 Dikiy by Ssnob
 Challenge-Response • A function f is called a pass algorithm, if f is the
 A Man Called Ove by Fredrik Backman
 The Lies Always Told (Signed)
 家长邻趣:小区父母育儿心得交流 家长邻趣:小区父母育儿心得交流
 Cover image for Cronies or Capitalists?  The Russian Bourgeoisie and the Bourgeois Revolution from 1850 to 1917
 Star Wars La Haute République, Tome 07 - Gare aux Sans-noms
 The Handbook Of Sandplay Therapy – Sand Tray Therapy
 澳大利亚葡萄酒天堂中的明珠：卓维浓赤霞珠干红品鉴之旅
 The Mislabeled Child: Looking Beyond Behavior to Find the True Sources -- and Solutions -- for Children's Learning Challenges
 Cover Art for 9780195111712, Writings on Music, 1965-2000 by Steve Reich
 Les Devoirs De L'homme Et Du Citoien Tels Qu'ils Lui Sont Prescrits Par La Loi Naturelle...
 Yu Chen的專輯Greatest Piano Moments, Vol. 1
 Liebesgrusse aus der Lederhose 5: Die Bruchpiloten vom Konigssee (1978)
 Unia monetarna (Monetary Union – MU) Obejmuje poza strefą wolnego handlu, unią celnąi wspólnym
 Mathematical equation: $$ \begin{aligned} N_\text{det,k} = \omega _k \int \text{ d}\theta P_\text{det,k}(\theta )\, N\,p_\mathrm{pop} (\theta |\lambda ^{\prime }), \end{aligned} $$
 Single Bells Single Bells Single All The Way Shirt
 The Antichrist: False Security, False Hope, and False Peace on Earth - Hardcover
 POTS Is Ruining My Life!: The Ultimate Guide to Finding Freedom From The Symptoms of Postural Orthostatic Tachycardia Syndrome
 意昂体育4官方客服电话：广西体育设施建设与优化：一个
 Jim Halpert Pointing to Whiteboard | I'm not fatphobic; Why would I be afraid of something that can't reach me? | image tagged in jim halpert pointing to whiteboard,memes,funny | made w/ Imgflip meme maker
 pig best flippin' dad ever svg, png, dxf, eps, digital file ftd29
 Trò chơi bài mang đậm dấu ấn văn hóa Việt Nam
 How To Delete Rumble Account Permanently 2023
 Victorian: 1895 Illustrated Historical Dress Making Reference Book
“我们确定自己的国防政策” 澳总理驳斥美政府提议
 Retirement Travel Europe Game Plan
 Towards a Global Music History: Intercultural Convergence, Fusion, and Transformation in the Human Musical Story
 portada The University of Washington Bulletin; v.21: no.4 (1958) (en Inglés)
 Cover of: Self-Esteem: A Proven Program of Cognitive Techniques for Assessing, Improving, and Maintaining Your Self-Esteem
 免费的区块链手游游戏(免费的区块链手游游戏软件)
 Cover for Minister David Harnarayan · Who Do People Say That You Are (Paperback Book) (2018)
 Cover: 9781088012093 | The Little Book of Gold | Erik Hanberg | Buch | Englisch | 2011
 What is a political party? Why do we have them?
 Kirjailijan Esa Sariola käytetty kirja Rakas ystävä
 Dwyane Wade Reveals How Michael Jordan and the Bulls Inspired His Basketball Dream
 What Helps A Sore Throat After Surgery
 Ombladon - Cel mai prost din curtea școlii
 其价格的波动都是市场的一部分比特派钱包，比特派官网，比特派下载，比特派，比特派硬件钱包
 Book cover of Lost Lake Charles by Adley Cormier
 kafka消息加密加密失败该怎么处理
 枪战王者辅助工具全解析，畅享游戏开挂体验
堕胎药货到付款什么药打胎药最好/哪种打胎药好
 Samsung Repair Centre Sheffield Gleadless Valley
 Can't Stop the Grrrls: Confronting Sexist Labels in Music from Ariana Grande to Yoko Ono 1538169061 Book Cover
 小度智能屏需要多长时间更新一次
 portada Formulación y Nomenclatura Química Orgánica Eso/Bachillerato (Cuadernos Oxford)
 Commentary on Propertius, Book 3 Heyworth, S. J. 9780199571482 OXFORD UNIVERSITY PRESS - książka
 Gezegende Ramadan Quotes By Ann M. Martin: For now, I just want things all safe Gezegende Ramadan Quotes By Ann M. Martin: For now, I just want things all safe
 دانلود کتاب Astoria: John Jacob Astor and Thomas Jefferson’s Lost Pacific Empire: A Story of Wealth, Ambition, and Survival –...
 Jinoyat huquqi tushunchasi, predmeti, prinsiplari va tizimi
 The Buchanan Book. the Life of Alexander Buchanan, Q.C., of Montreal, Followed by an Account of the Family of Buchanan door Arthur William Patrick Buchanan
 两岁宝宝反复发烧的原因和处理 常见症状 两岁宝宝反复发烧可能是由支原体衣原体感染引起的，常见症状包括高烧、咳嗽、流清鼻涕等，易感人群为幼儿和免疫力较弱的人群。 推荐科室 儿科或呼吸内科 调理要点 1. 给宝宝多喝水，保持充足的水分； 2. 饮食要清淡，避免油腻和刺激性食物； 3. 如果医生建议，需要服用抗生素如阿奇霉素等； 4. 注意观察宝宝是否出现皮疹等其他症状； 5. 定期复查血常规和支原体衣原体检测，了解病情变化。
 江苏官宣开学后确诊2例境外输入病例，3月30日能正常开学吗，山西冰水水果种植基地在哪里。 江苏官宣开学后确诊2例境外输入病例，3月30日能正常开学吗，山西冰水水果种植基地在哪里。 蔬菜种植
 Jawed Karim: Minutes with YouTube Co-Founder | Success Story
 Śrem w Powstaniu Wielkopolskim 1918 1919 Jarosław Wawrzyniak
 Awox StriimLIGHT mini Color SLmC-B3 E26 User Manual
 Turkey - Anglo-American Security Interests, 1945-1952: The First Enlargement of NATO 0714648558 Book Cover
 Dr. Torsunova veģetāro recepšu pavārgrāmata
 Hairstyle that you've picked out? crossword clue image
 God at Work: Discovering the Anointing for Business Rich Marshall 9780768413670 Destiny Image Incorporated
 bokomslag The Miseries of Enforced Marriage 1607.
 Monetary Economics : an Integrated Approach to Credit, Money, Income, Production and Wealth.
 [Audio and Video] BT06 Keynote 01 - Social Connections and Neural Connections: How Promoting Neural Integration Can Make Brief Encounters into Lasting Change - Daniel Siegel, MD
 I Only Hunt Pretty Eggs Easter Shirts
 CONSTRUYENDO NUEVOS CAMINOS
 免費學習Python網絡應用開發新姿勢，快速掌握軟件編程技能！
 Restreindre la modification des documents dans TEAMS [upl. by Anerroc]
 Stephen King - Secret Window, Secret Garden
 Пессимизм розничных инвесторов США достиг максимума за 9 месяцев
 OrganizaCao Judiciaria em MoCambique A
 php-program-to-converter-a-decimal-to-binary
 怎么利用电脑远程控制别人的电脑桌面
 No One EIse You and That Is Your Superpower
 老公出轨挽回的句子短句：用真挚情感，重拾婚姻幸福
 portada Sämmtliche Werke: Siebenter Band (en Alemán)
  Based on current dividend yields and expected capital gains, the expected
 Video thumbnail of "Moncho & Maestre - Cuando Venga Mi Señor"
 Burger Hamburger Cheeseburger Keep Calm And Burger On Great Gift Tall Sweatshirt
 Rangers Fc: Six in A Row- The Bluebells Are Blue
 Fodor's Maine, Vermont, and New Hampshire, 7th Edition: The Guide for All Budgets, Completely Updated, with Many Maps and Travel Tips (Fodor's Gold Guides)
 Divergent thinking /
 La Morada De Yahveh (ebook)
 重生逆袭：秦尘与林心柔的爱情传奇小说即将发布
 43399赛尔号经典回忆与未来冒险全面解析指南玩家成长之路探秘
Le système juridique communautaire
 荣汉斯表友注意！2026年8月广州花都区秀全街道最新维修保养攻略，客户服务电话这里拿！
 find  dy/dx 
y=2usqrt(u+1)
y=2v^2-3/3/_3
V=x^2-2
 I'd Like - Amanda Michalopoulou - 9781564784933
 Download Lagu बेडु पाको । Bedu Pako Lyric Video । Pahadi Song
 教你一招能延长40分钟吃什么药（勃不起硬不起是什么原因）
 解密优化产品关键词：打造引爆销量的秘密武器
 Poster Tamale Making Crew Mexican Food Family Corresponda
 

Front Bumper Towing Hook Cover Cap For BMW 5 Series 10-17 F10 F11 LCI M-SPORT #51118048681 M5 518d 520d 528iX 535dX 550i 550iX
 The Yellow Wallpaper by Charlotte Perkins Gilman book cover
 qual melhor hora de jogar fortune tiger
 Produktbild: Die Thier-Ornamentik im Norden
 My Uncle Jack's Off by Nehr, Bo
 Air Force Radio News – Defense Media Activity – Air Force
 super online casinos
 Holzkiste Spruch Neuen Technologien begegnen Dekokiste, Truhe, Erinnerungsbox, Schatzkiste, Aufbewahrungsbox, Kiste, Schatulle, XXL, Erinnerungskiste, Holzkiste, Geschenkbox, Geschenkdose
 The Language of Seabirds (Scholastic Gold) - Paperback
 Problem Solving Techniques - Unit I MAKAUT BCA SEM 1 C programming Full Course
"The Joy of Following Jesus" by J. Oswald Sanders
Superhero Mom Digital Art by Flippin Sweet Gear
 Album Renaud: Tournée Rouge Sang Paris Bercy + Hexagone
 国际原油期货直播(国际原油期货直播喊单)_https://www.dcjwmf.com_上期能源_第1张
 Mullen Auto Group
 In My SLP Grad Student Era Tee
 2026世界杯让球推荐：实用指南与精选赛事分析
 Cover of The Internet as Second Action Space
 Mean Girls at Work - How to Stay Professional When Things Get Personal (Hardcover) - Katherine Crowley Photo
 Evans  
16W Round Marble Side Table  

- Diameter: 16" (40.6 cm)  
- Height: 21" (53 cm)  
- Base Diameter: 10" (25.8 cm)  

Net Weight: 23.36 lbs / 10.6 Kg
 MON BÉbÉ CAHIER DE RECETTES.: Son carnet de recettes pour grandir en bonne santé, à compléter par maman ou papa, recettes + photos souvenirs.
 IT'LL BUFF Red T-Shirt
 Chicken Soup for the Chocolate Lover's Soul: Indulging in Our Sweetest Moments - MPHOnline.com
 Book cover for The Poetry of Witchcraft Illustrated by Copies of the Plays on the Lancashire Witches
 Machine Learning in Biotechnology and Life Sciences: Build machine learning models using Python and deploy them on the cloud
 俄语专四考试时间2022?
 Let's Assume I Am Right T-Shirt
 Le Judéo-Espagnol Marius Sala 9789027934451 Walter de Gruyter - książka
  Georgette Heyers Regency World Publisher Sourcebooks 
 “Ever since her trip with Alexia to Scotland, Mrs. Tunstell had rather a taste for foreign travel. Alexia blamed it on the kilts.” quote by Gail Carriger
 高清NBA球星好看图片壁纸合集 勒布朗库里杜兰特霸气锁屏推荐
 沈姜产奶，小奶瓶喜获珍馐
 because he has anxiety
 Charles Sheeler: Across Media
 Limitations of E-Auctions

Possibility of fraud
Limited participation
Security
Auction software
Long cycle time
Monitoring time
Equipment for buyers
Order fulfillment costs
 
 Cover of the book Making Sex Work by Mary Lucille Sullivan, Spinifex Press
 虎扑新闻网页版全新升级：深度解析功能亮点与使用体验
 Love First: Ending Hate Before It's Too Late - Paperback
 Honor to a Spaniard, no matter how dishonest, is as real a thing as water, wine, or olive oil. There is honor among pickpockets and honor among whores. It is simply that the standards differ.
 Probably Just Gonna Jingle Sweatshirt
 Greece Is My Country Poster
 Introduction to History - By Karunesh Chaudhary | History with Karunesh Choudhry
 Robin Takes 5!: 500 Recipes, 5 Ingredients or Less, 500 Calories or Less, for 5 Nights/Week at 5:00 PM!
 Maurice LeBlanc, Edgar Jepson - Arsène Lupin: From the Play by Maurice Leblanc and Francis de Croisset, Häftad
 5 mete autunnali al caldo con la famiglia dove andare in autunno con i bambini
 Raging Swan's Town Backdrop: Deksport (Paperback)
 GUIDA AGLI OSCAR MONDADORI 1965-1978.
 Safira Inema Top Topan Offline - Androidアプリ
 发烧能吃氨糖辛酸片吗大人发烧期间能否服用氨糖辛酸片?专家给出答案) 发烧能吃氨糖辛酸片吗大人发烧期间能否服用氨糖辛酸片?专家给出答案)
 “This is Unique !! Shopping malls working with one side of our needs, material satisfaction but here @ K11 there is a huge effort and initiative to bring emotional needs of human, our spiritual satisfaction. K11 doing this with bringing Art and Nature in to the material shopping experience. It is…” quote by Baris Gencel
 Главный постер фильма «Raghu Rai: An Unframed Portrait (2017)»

▶ _YOUR GOAL_
Search the entries for "książka" and copy each matching line.

▶ _WORKED SOLUTION_
 Commentary on Propertius, Book 3 Heyworth, S. J. 9780199571482 OXFORD UNIVERSITY PRESS - książka
 Le Judéo-Espagnol Marius Sala 9789027934451 Walter de Gruyter - książka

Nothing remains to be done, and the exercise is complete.